By Gram Slattery and James Oliphant
DES MOINES, Iowa (Reuters) – Iowa Republicans will have dueling televised events to choose from on Jan. 10 as they consider which candidate they want to face Joe Biden in November’s presidential election: the frontrunner, former President Donald Trump, going solo on one news channel or his two closest rivals squaring off against each other.
On Tuesday, CNN announced that only Trump, Florida Governor Ron DeSantis and former U.N. ambassador Nikki Haley had qualified for its debate next week in Des Moines, the final chance for a national face-off before the Iowa caucuses on Jan. 15.
DeSantis and Haley have said they will participate and have criticized Trump for once again refusing to join them on stage.
Trump will instead appear on a live town hall on Fox News at 9 p.m. ET (0200GMT on Jan. 11) without interruption from those he considers pesky upstarts.
The events come five days before the caucuses kick off a nationwide nominating process that opinion polls at this point show is likely to end with a Trump vs. Biden rematch that few Americans want.
Entrepreneur Vivek Ramaswamy on Tuesday railed against CNN after failing to meet the broadcaster’s qualification criteria for the Iowa debate. He will instead hold a live-audience show that night with Tim Pool, a conservative podcaster.
Here are some other takeaways from the trail:
DESANTIS, HALEY TRAIN FIRE ON EACH OTHER
Turn on a television in Des Moines and you’re likely to see either an advertisement from Haley’s supporters blasting DeSantis or an ad by the DeSantis forces ripping Haley.
What you’re unlikely to see are ads from either candidate criticizing Trump.
The super PAC supporting Haley, SFA Fund, has become the top campaign spender in Iowa, according to data compiled by the firm AdImpact, which tracks ad spending. That suggests there’s an opportunity for Haley to finish strong in the Midwestern state before competing in the New Hampshire primary on Jan. 23.
Most of the PAC’s fire has been trained on DeSantis. This week, it debuted a TV ad claiming the Florida governor is “too lame to lead, too weak to win.”
Meanwhile, a PAC supporting DeSantis, Fight Right, has been airing ads labeling Haley “Tricky Nikki” and claiming she profited off her ties to China.

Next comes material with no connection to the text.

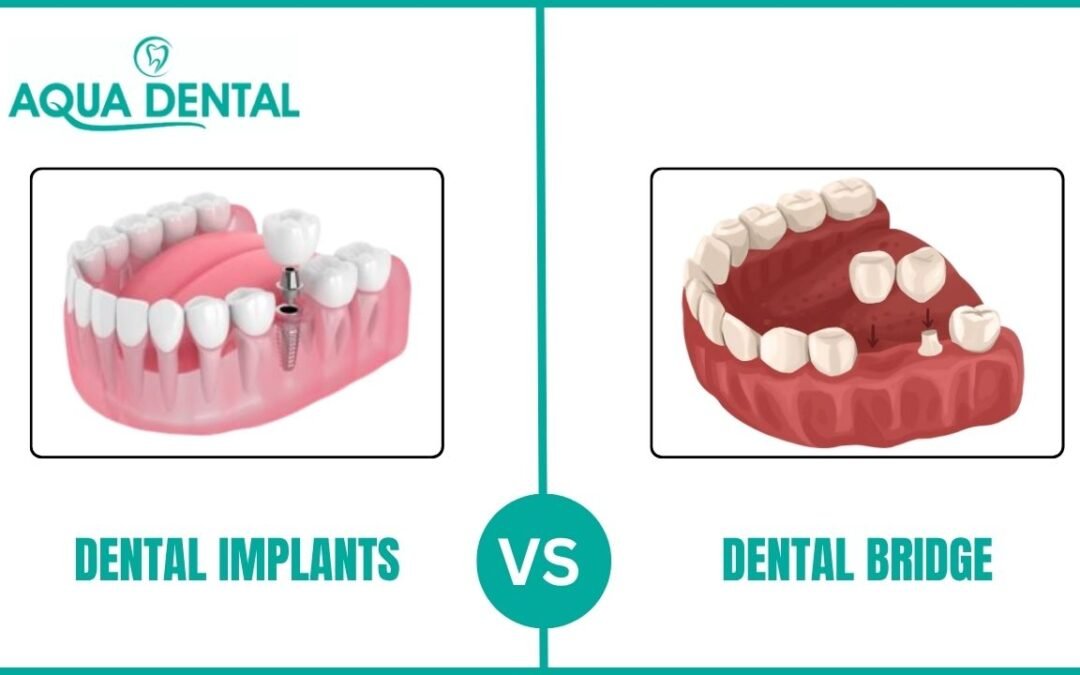 Dental Bridge vs Implant Cost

Nationally, DeSantis has been getting more than he has been giving: He has emerged as the top target of negative ads from Trump and Haley combined, while Trump has gone largely unscathed.
According to an analysis by AdImpact, only about 3% of negative ads in the Republican race have targeted Trump.
Haley and SFA Fund have reserved the most TV airtime going forward in the campaign, the firm said, booking $8.7 million in ads compared with less than $1 million by DeSantis and his allies.
DESANTIS, IN NEED OF AN IOWA BOOST, TEARS UP THE TRAIL
DeSantis needs a strong performance in Iowa to keep his candidacy alive and prove that he is still the top Trump alternative in the Republican field, despite a late charge by Haley.
To that end, his campaign has laid out a frenetic schedule that will have him crisscrossing the state this week.
On Wednesday, DeSantis will make four stops across Iowa’s rural west, with venues ranging from the Johnnie Mars Family Restaurant in Sioux City to a veterans’ hall. He’ll then travel to the other side of the state, while squeezing in a town hall with CNN in Des Moines on Thursday.
DeSantis has bet heavily on rural and evangelical Christian voters, whose support he will be attempting to reaffirm with his various campaign stops.
Trump is due in Iowa for a slate of events on Friday and Saturday. Haley is scheduled to return to the state on Thursday after kicking off the week 1,100 miles (1,770 km) to the east in the frosty hills of New Hampshire.